Never underestimate a group of guys who want to hang out in the garage. After all, the Homebrew Computer Club began meeting In programmer Gordon French’s Menlo Park, California, garage in March 1975 — and while the neighbors might have rolled their eyes, the Homebrew guys certainly had the last laugh. At least 23 tech companies including Apple got their start at Homebrew.

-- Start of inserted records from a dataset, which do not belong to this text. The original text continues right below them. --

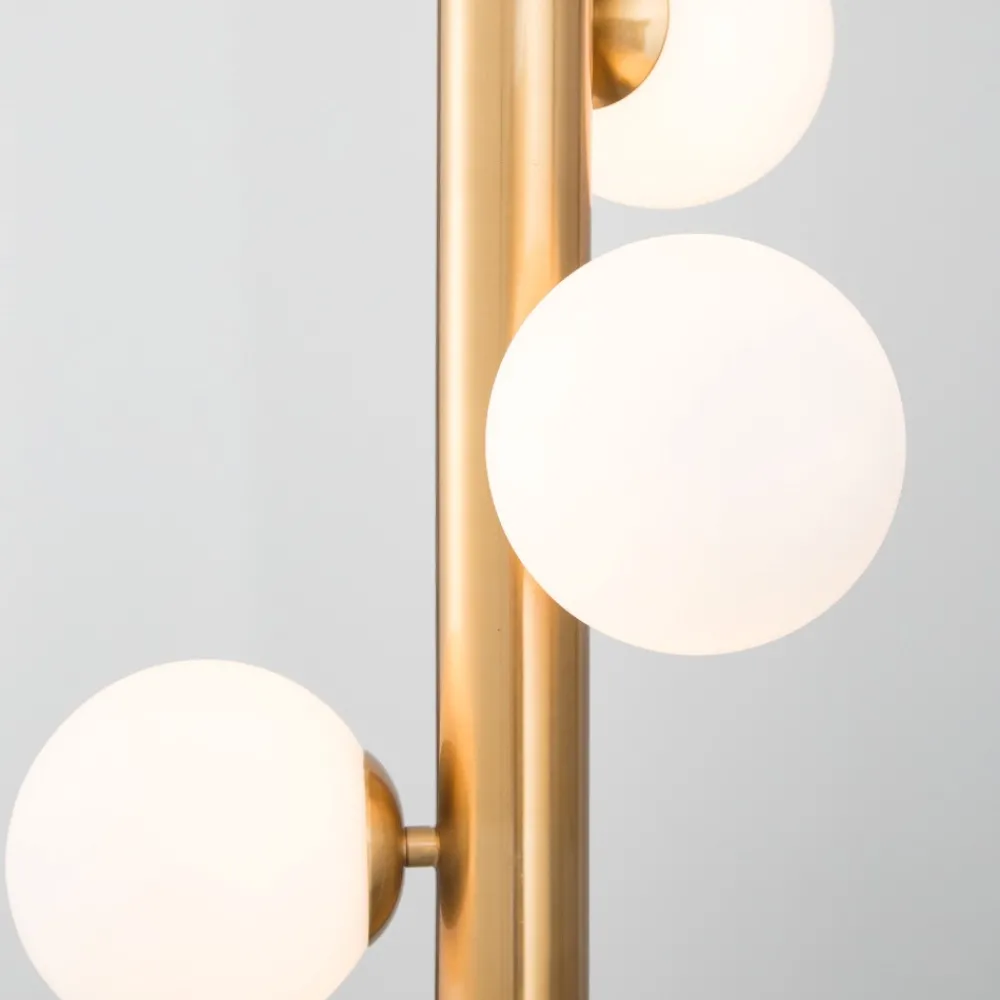 Lampadari Moderni-Selezionato da Mazzolaluce Lampadario moderno verticale oro tre vetri bianchi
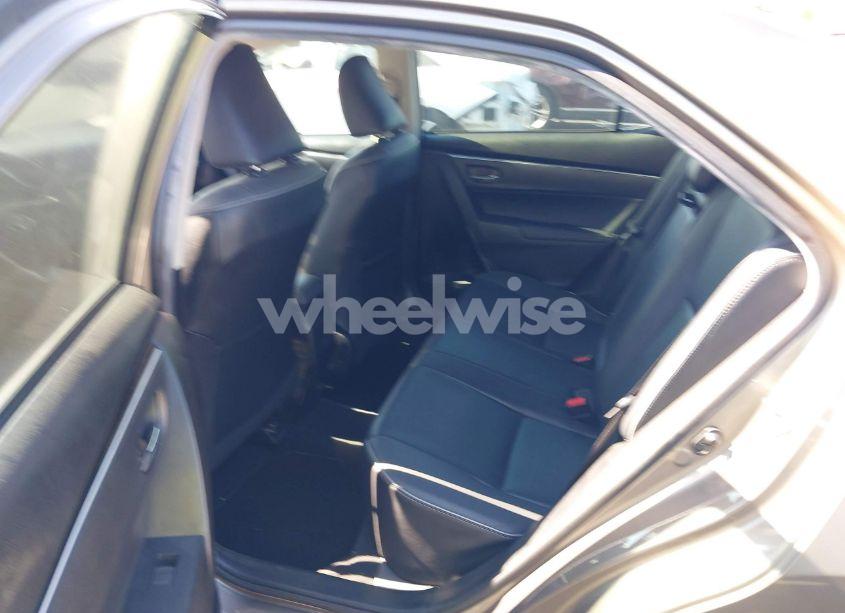 Photo 8 of 2018 Toyota Corolla XLE (VIN 5YFBURHEXJP788200)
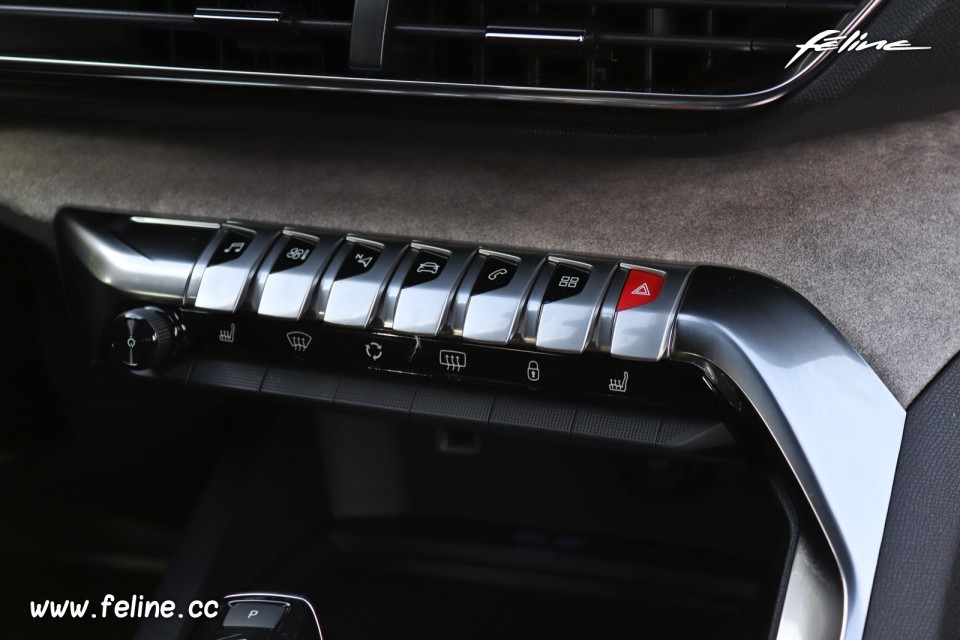 Photo touches Toggle Switches Peugeot 3008 II restylée GT PureT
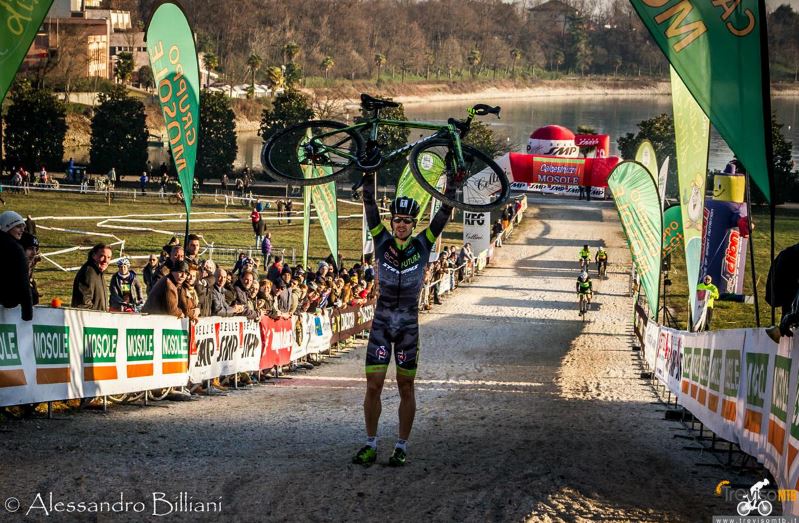 Cristian Cominelli vince il Ciclocross delle Badie di Spresiano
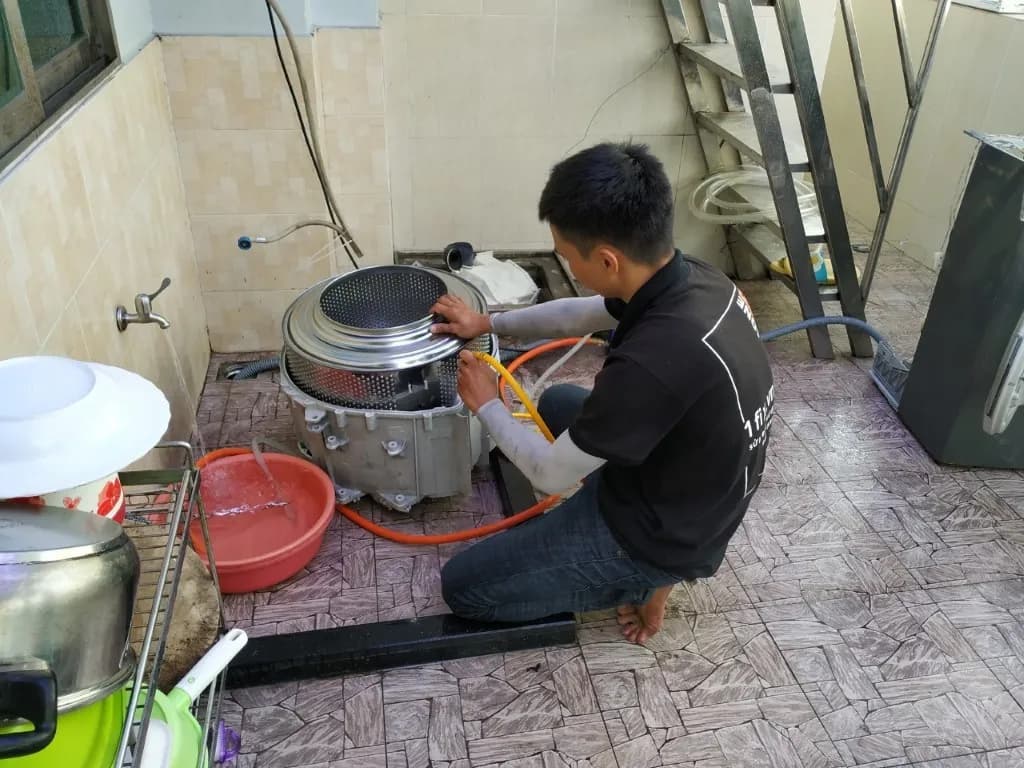 Kỹ thuật viên 1Fix sửa chữa máy giặt lồng ngang tại Quận 5
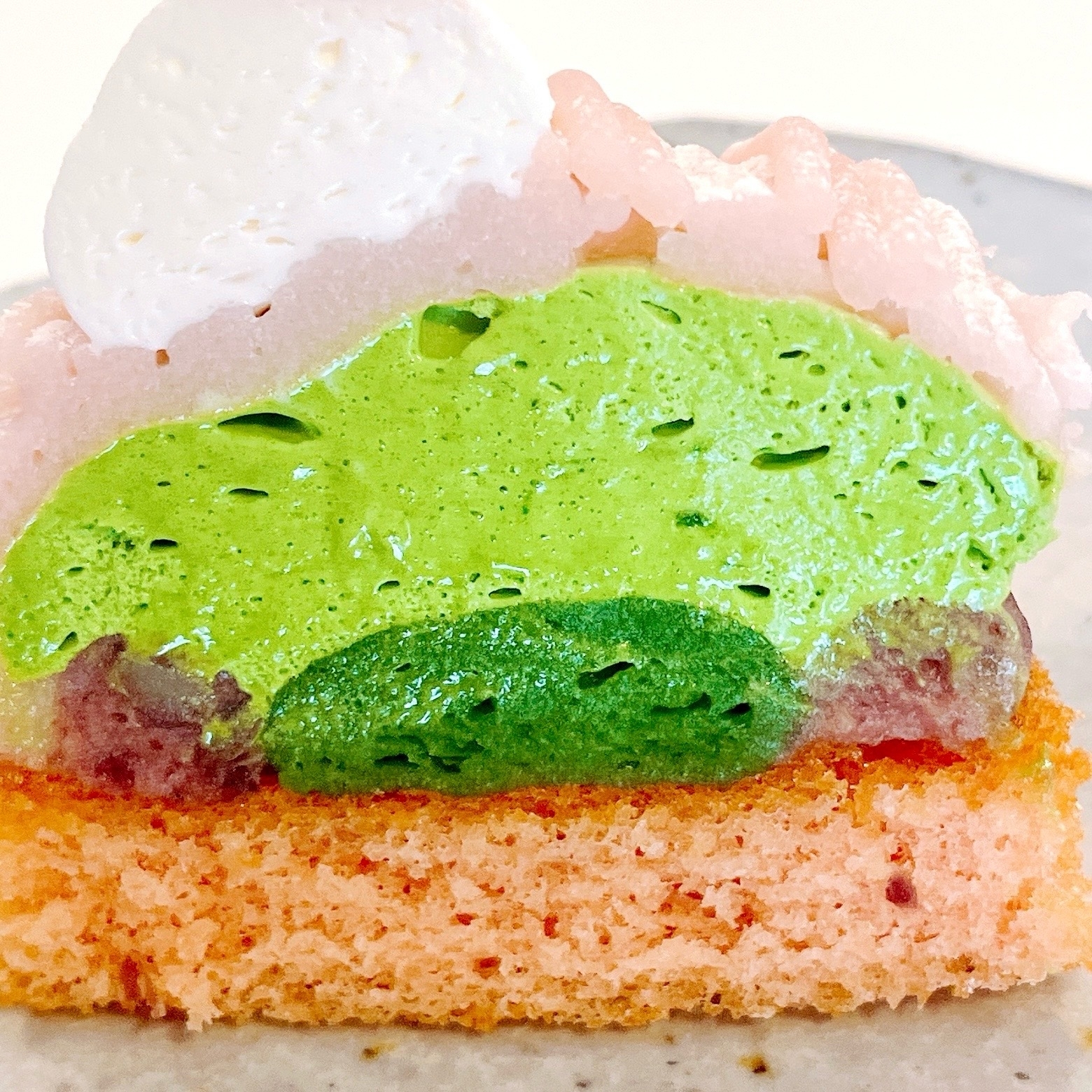 銀座コージーコーナーのオススメのスイーツ「さくらと抹茶のモンブラン」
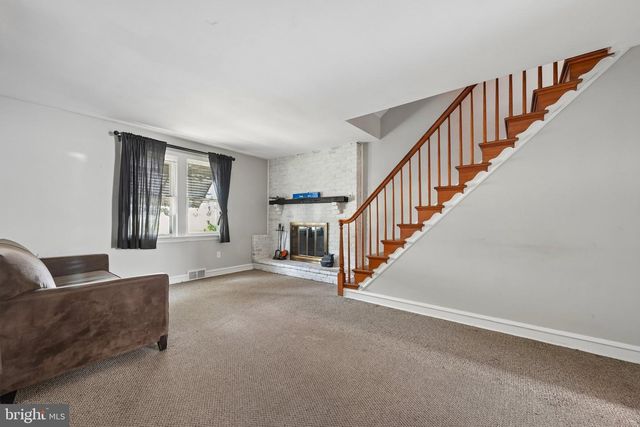 232 NORTHMONT AVE, Mount Ephraim, NJ 08059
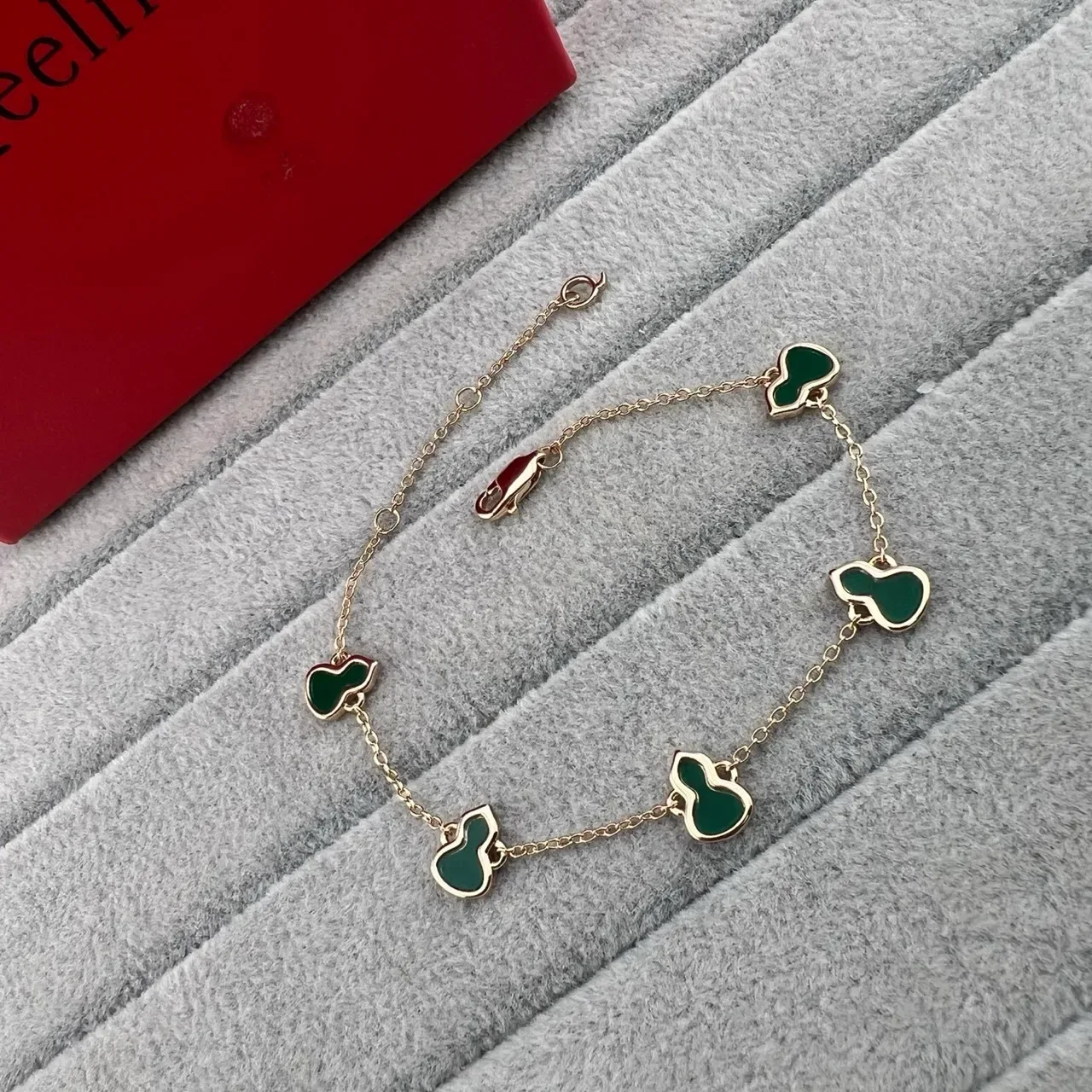 Qeelin Wulu Enamel Gourd Charm Gold-Tone Bracelets 7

Among the first attendees on March 5, 1975, was none other than future Apple co-founder Steve Wozniak, and while Wozniak might be the most famous member of the Homebrew Computer Club, his fellow members all played significant roles in democratizing computing through microcomputers. Like Bill Gates and Paul Allen, the Homebrew members were fascinated by the Altair 8800, the microcomputer featured on the January 1975 cover of Popular Electronics. (For his part, Wozniak decided to build the Apple-I.)
The club quickly expands
The club quickly outgrew the garage and moved to the Stanford Linear Accelerator Center. Lee Felsenstein, creator of the Osborne-1, served as emcee. The meetings were divided into “mapping time,” when members shared information about their current projects, and a “random access period,” when members swapped information, hardware and software. (Eventually any commercial transactions moved to a nearby parking lot.) Post-meeting, Homebrew members enjoyed actual brew at the Oasis Beer Garden in Menlo Park.
The club is famous for its newsletters, initially published by founding member Fred Moore, who wrote with prescience in the first issue: “I expect home computers will be used in unconventional ways — most of which no one has thought of yet.” Famously, Gates and Allen took out a one-page ad in the Homebrew newsletter to publish an open letter to discourage piracy of their version of BASIC written for the Altair.
The Homebrew lore lives on in popular culture, with the club featured in Pirates of Silicon Valley and Jobs. In 2013, members convened at a one-night Kickstarter-backed reunion at the Computer History Museum in San Jose.